Tom Coughlin’s job was in doubt six weeks ago. Now the question is whether he belongs in the Pro Football Hall of Fame.
Coughlin, 65, has coached the Giants to a Super Bowl win for the second time in four years, seven weeks after fans called for his firing after a defeat to the Washington Redskins left the Giants 7-7 and in danger of missing the playoffs for the third consecutive year.
Now, after six straight wins culminating in a 21-17 victory over the New England Patriots in the National Football League championship game last night, Coughlin joins Bill Parcells as the only coach to win two Super Bowl titles in New York.
“This is a good case for the Hall of Fame right here,” said Michael Strahan, a former defensive end for the Giants who holds the NFL single-season record for quarterback sacks. “He doesn’t deviate from his plan. He just encourages you to win. He’s going to ride with you no matter what.”
Coughlin has an 82-57 record over eight seasons with the Giants, including 8-3 in the playoffs. Parcells was 85-52-1 in New York from 1983 to 1990, including 8-3 in the postseason. Parcells on Feb. 4 failed to become the eighth of 12 coaches with multiple Super Bowl titles to be elected to the Pro Football Hall of Fame.
Coughlin said he doesn’t pay attention to detractors or those who say he should one day gain a place in the Canton, Ohio-based Hall of Fame.
“I just try to do the best job I possibly can; put the blinders on, go to work and be the best you can possibly be,” he said. “Once you have done everything that you possibly can, you’ve put forth your greatest effort, then I can live with whatever’s next.”
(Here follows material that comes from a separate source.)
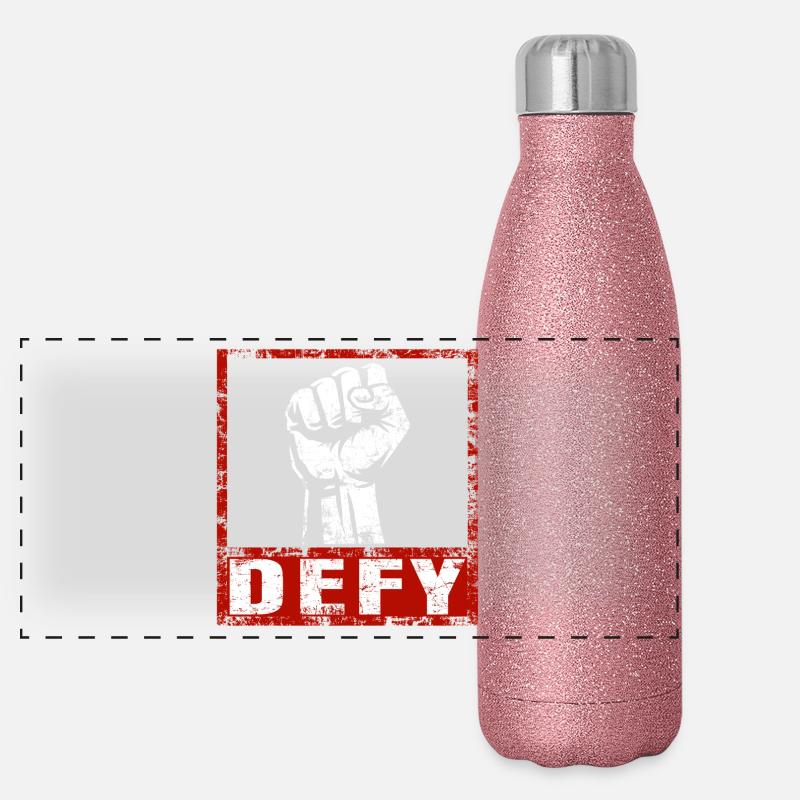 DEFY – la puissance dans un look vintage Gourde isotherme panoramique pailletée 500 ml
Coughlin surpassed Dick Vermeil, who was 63 with the St. Louis Rams after the 1999 season, as the oldest coach to win a Super Bowl. George Halas was the oldest coach to win an NFL championship with the Chicago Bears in 1963 at 68. Coughlin is among 12 coaches to lead an NFL team after turning 65, with Parcells and Hall of Famers Don Shula, Joe Gibbs, Marv Levy and Weeb Ewbank among them.
“Tom is tough, he’s very detailed, he has a lot of experience, he’s an intense coach and I think that’s reflected in the way his teams play,” said Patriots coach Bill Belichick, who, like Coughlin, was an assistant under Parcells.
Seeks No. 4
Belichick failed to join Chuck Noll, who led the Pittsburgh Steelers from 1969 to 1991, in winning four Super Bowls. He also fell shy of his 18th postseason win, third behind Tom Landry (20) and Shula (19).
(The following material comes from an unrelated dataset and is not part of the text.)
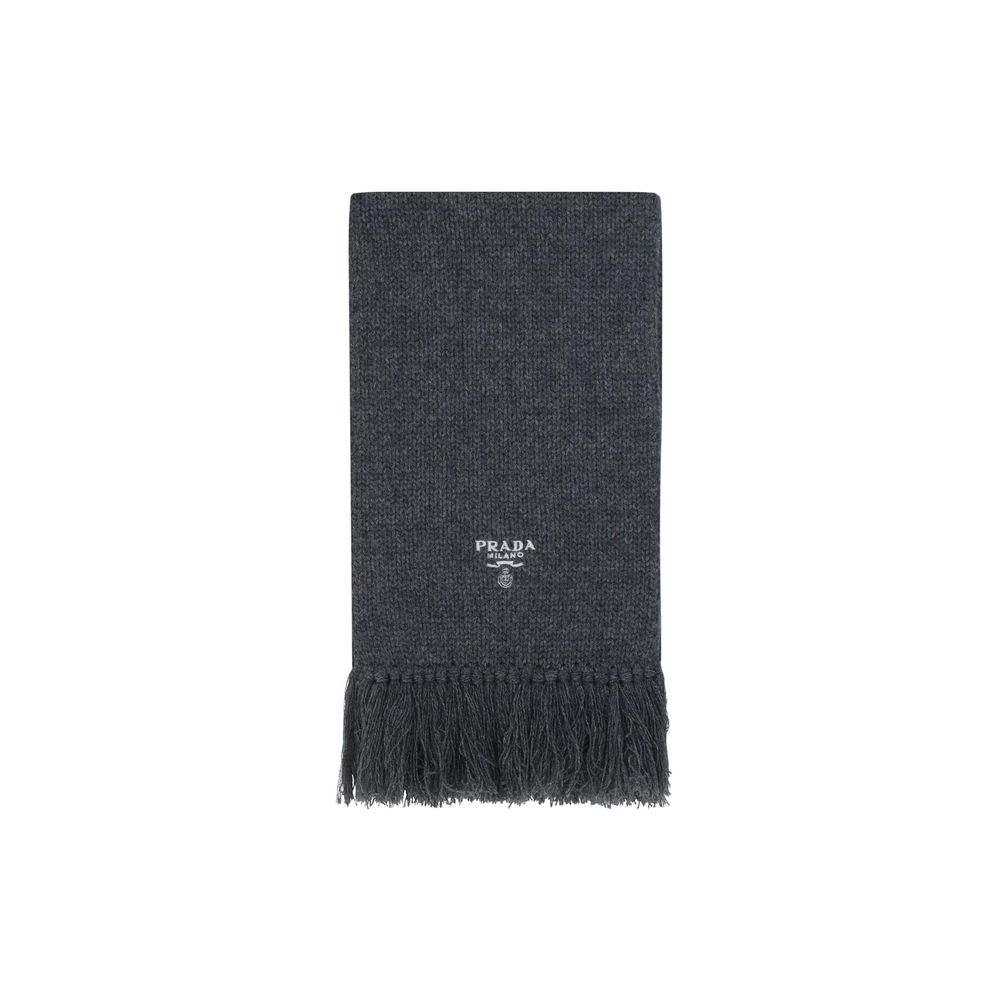 Gray Cashmere Scarf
The Giants snapped a 10-game winning streak by the Patriots, as they won seven of their past eight since a four-game losing skid. No Super Bowl champion has had a losing streak as long.
Defensive end Justin Tuck said Coughlin’s consistency and belief were keys to the turnaround.
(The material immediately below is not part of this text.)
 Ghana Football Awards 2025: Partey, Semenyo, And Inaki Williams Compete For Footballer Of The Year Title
“At 7-7, everybody and their mom was counting us out but he just stayed persistent and stayed true to who he is as a coach and a person,” Tuck said last week. “It trickles down when you see a person has faith in you when nobody else does. It is kind of easy for us to continue to have his back and do our best. We have been rewarded for that.”
Coughlin was the first coach of the Jacksonville Jaguars, from 1995 through 2002, going 68-60 record with two trips to the American Football Conference championship game. He became the only coach to lead an NFL expansion club to the playoffs in four of its first five years, before being fired in 2002 after a third straight losing season.
“If hindsight you could change, I’ll be honest with you: I probably would have never changed Coughlin,” Wayne Weaver, the Jaguars’ former owner, told the team’s website last month. “I thought Tom’s pride would never allow him to take a step back and me take the general manager’s position and all power and say, ‘Go coach the football team.’ He did that in New York, but I thought it would hurt his pride too much.”
Coughlin embraces discipline as a key to winning. In Jacksonville, he banned beards and jewelry. In New York, he’s fined players who didn’t arrive at team meetings early enough. Yet Coughlin, who imposed a 11:55 p.m. team curfew in Indianapolis last week, also changed over time.
“He’s not the same guy he was when we first got here,” said offensive lineman Chris Snee, who is Coughlin’s son-in-law. “That’s definitely a credit to him, that he’s adapted his style. And that really started back in ‘07.”
That’s not to say Coughlin has mellowed.
Following a practice last week, linebacker Chase Blackburn was talking with reporters in the locker room when he grabbed punter Steve Weatherford and started sprinting for the exit. “Hey, we’ve got a meeting in 30 seconds.” Blackburn yelled. “Thirty seconds.”
“That’s TC’s deal, just having us aware, and just being a stickler for time,” safety Antrel Rolle said. “I had a lot of those taken out of my paychecks, but it’s all for the better of the team. I think we all buy into it, understand it, all jokes aside. It’s what this team needs.”
The Giants extended Coughlin’s contract in July for two years, through the 2012 season. A second Super Bowl title may ensure an even longer tenure.
“In 2007, it was, ‘Coughlin better get to the playoffs or he’s gone,’” Jim Fassel, who Coughlin replaced in 2004, said in a telephone interview. “This year it was, ‘Well, if they don’t get this, he’s gone.’ You get to the Super Bowl and everybody’s happy. As a coach, over the years, you learn to deal with the ups and downs. You have to.”
Coughlin said he doesn’t plan to retire and that this season wasn’t more stressful than any of the previous one’s that he’s coached.
“You lose a game in New York you’re fired, you know, burned at the stake, whatever you want to say,” he said at a news conference following the Super Bowl victory. “I didn’t pay a lot of attention to that, to be honest with you.”